Pourquoi les choses tiennent-elles ? D’une certaine manière, par la force de l’habitude et l’autorité, c’est vrai. Mais au fond, elles tiennent surtout par loyauté.
Il n’y a pas de sensibilité sans attachement. Partant de là, on s’attache forcément avec qui on est, à là où on est, aux endroits où on vit, où on fait quelque chose. C’est un processus qui se déroule de manière autonome, indépendamment de la volonté des gens. Cela se rattache à l’existence, sa possibilité sociale. On se sent dépendant et redevable de certaines choses pour exister, et on est alors loyal.
Le symbole le plus fameux de cette loyauté, dans sa substance même, c’est bien entendu le chien. Le chien est le « meilleur ami » de l’homme, car il est loyal. Il ne trahira pas, il est marqué par sa loyauté, alors que les êtres humains, justement, peuvent dérailler.

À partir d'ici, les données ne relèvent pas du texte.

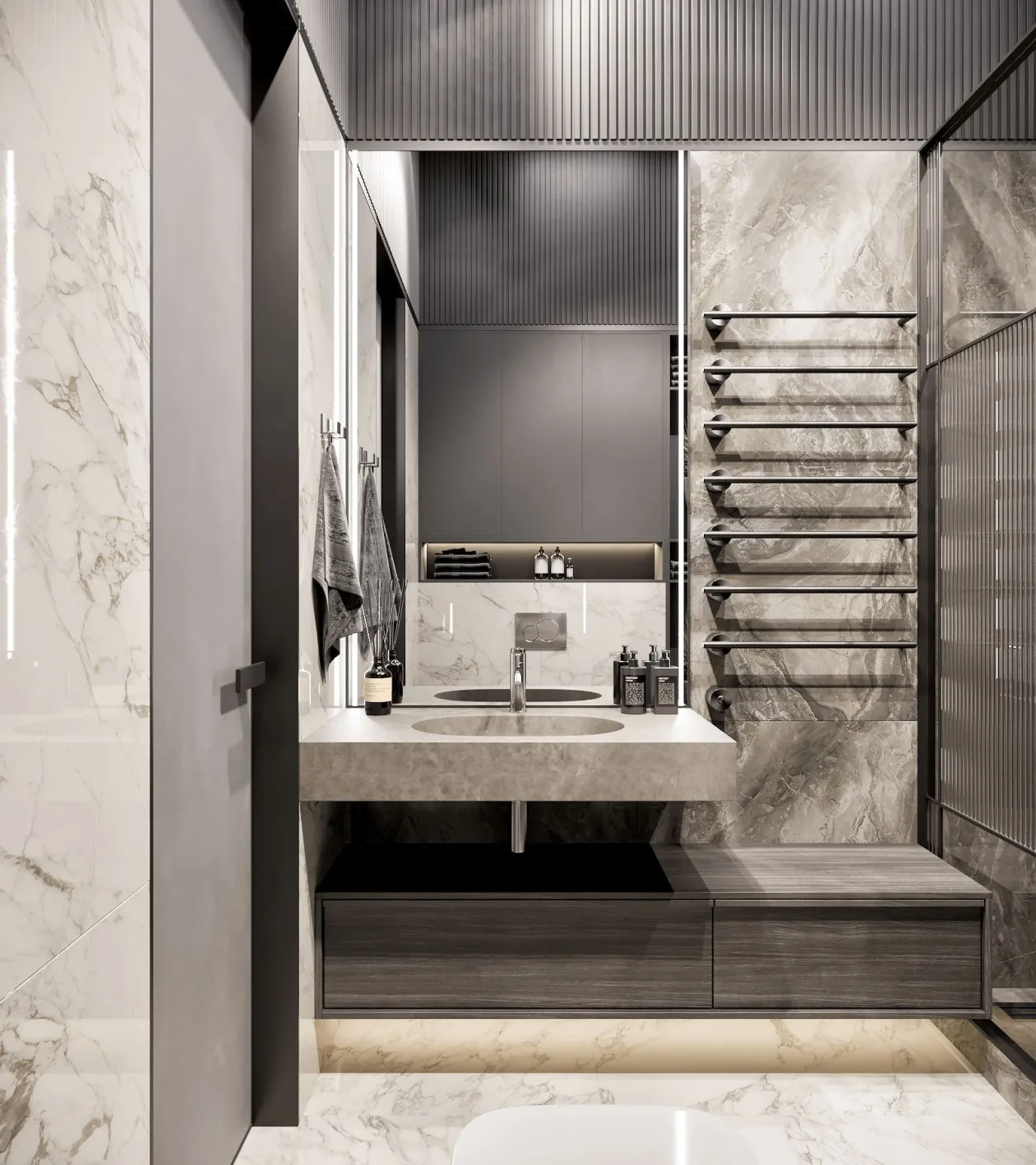 Luxury Home Project Wall Living Room 3d Interior Design Services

L’humanité ne tiendrait pas sans loyauté et c’est à ça qu’on voit que les humains n’ont pas été « créés » par Dieu, mais sont bien des animaux produits par la Nature. S’ils sortent de la loyauté, ils sont perdus.
Toutes les loyautés ne se valent pourtant pas. Certaines sont fictives, d’autres symboliques. Toute loyauté dépend de la culture, c’est-à-dire de la réalité historique de l’humanité comme animal social développé.
Par exemple, on ne peut pas comprendre la guerre en Ukraine sans comprendre que ce qui joue beaucoup, c’est qu’un camp veut célébrer la victoire sur les nazis et l’autre ne le veut pas. Les Russes reprochent aux Ukrainiens leur déloyauté par rapport à leur passé commun. Le régime ukrainien propose de son côté une nouvelle loyauté, artificielle, « occidentale ».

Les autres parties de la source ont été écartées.